- Task to complete: In the data below, begin at the line with "Wooden blocks in" and stop after the line with "Telehealth Doctor Monitoring"; output those lines exactly and no pictures.

- Supplied records:
↓

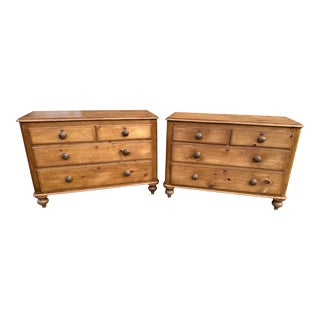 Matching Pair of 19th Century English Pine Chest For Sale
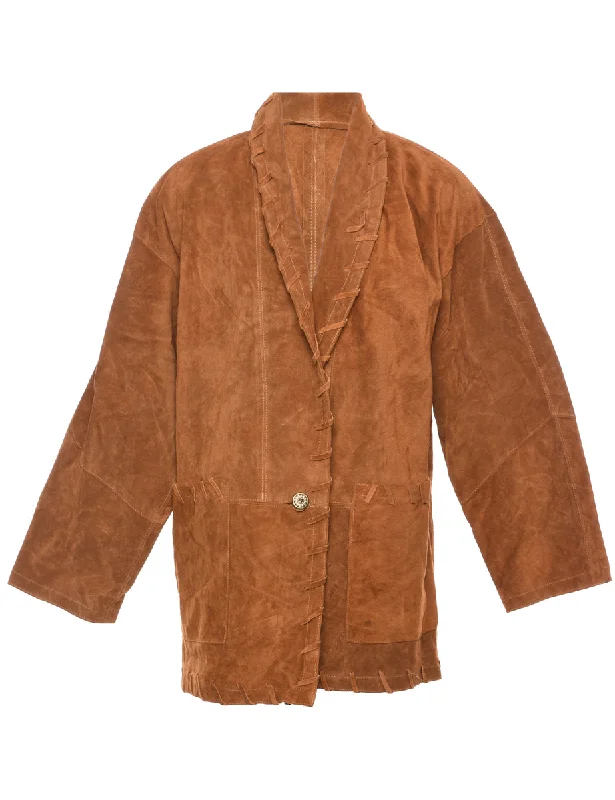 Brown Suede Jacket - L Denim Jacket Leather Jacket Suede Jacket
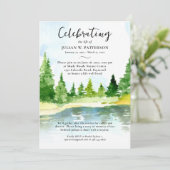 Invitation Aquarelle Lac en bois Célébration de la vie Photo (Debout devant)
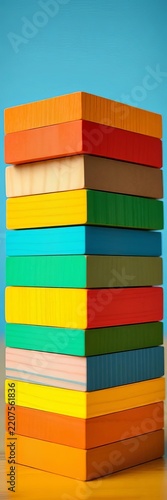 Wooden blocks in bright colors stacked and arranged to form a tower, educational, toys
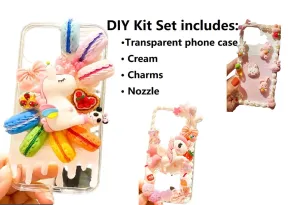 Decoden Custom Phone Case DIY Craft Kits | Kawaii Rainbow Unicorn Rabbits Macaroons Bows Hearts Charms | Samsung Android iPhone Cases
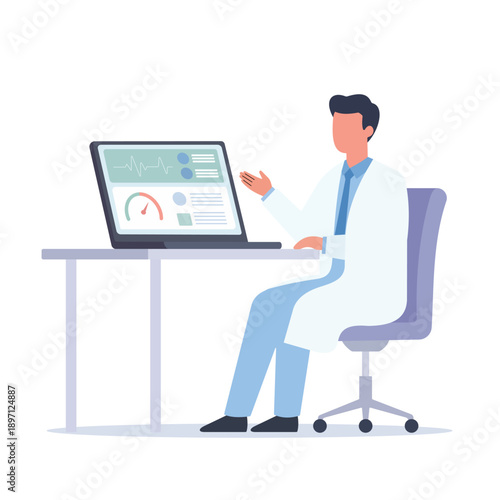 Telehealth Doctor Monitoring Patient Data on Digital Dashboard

↑
↓

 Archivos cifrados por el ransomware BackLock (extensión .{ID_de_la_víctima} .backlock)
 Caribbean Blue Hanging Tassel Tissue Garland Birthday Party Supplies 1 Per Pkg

↑
↓

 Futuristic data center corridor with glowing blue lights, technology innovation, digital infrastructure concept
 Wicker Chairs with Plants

↑

- Completed task:
 Wooden blocks in bright colors stacked and arranged to form a tower, educational, toys
 Decoden Custom Phone Case DIY Craft Kits | Kawaii Rainbow Unicorn Rabbits Macaroons Bows Hearts Charms | Samsung Android iPhone Cases
 Telehealth Doctor Monitoring Patient Data on Digital Dashboard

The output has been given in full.